To use your coin toss example, it could very well be a coincidence. A 1/8 chance of something happening is by no means improbable. A lot of people have very funny ideas about statistics that don't add up in the final analysis. Because the probability of one coin toss does not predict or affect the outcome of another coin toss, some seemingly very improbable things are actually not as improbable as they seem. For example, I could toss three coins and have them all land heads up three times in a row. That would not be terribly amazing. Now, if I tossed those coins two hundred times and they consistently landed heads up more than chance predicts, then you might say there was something odd about those coins or the person tossing them, but even then, unless you had evidence that there was something fishy going on, the laws of probability allow for random chance to produce the same coin toss results ad infinitum, because one coin toss is unrelated to another.

You cannot aggregate the probabilities of isolated events unless there is a causal relationship between them.

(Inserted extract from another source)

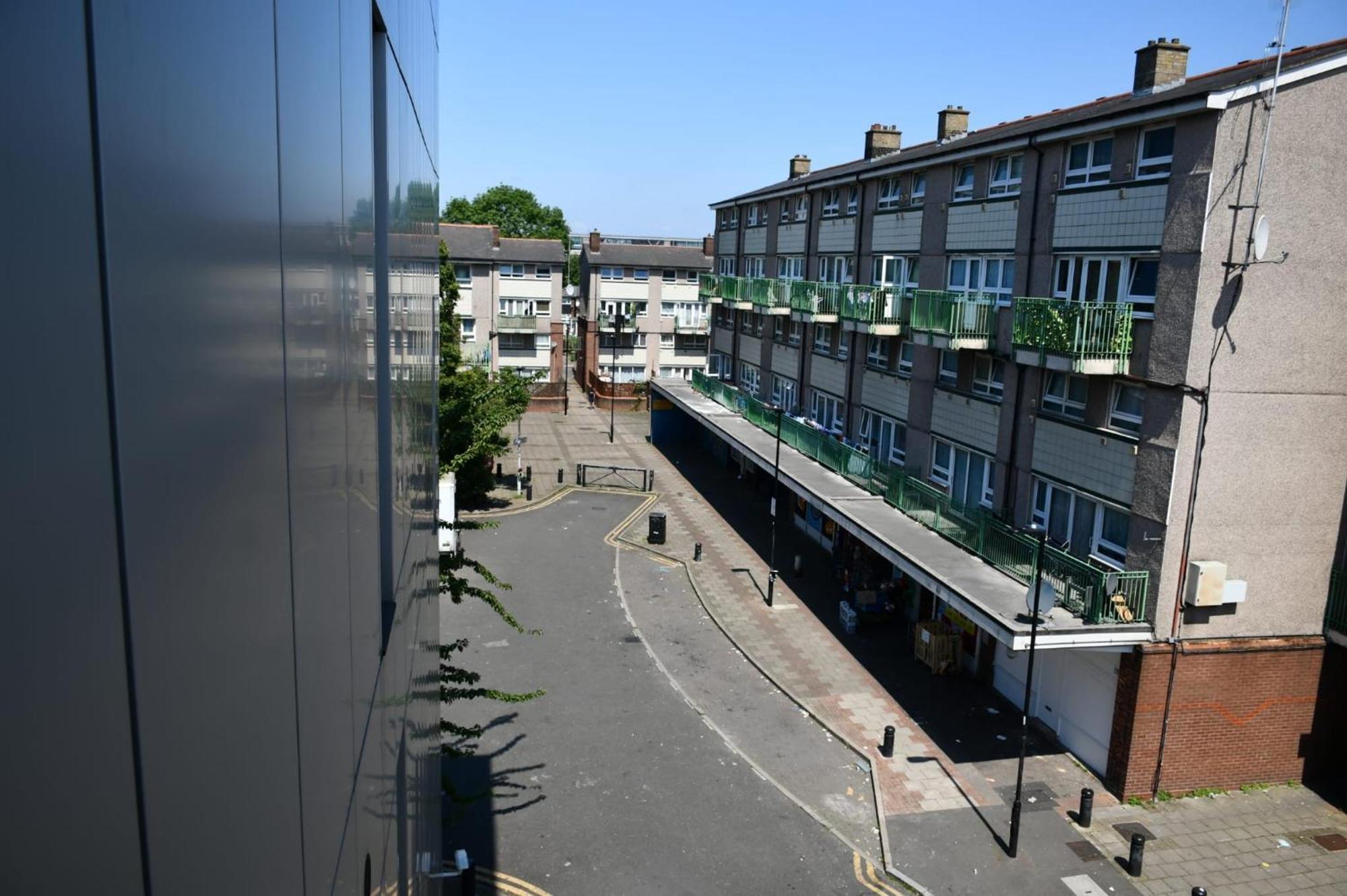 Spacious 2bedroom In Airport * Londres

A whole bunch of improbable things can occur by chance, and it is only when there is a common thread binding them together that you can make a linkage between them, and say it is more than just chance.

Probability alone is not sufficient to rule something out (or in). Winning the lotto jackpot is very improbable for any given ticket buyer (usually something like 1/50,000,000), yet enough people buy enough tickets that it is a near certainty that one or more of them will win lotto.

Now, in the case at hand, there is insufficient evidence to draw linkages between the isolated points and to start saying there is something sinister and underhanded going on. Thom has analysed the issue correctly IMO.